The lack of immigration officers is causing long lines — but there’s more to it than that.
At this point, the more well-traveled among us should be used to how often delays happen in local airports. But Philippine Airlines made the rounds a few days ago when they advised those travelling overseas for Holy Week to show up 4-5 hours before their flight to prepare for longer airport lines. Those long lines are caused by a variety of factors, but let’s focus specifically on one: a lack of immigration officers (IO).

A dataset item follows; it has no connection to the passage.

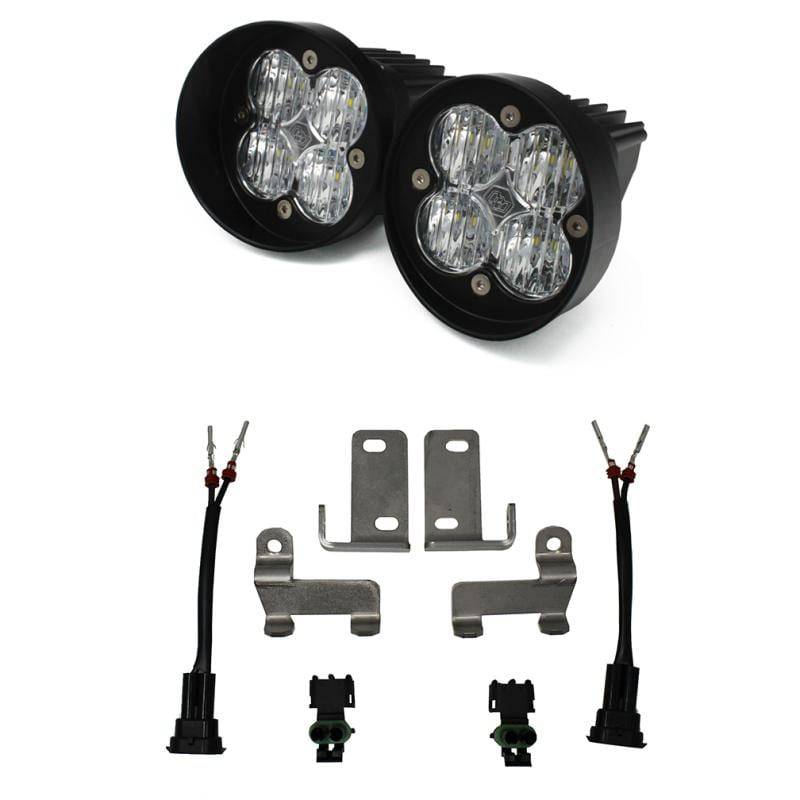 Baja Designs - Baja Designs 12+ Toyota Tacoma Squadron Sport WC LED Light Kit - Clear - 447125 - MST Motorsports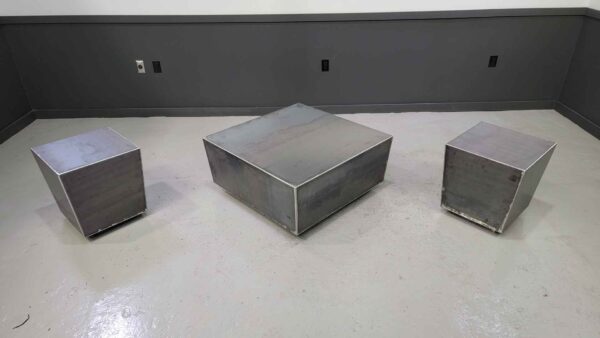 36x36 Coffee Table - Angled Sides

What exactly the reason is for insufficient staff at the immigration counters is a subject of debate. On one hand, a simple reason is being overworked. Holy Week is peak season for IO’s, which means leaves due to either sickness or exhaustion will increase. But another reason for understaffing may have something to do with a decision the Duterte administration made, which was the veto of the Special Provision of the Express Lane Fund (ELF), in which the ELF is directly spent to pay for the overtime of Bureau of Immigration (BI) workers. This applies especially to contractual and job order employees.
For the President of the Immigration Officers Association of the Philippines (IOAP), ER German, Robin, this decision is a significant factor in explaining the plight of IO’s. “The ELF is the only/ultimate source of salary augmentation in the form of overtime for BI regular/organic employees and compensation of contractual employees.”
According to Budget Secretary Benjamin Diokno however, it is “unfair for the rest of bureaucracy” that IO’s had been leaning on the ELF as their source for overtime pay, stating that all government official and employees require a standardized compensation scheme, in terms of being paid for overtime work.
The Duterte administration’s decision to veto the ELF has resulted in the BI having a harder time paying its regular and contractual workers. It seems to be an act of protest, 32 immigration personnel have resigned, and BI workers have filed for leaves of absence, in response to the budget cuts.
Long story short: BI workers and immigration officers are having a crappy time because they haven’t been treated well as workers. The inconveniences that come out of that betray the lack of a proper system that properly compensates them. You kinda have to arrive 4-5 hours before your flight in the same way, for example, you kinda have to tip your waiter at a restaurant and you’re an a-hole if you don’t. You can look at it as an inconvenience, but that’s only because the workers you’re interacting with don’t have it as good as you think they do.
Whatever solution the government or the IOAP comes up with though, it better come soon. Robin paints a vivid picture of what an immigration officer goes through on the regular: “We appeal to the public to hear our side. The duty of an IO is challenging. Once we are deployed to international airports, seaports and border crossing stations, we have to report 24/7, no holidays. Even during calamities and disasters, we have to keep our borders safe. How many Christmases and New years we were not at home but in duty? How many wakes and burials we were absent just to be present in our assignments to ensure efficient operations? We endure all these because we want to provide [a] decent and comfortable living to our families.”
Fair point. So if you’re lining up at the immigration counter these next few days, a bit earlier for your flight than you usually are, don’t be the *ss who just casually groans about the hassle of it all, as if you’re the one being hassled the most.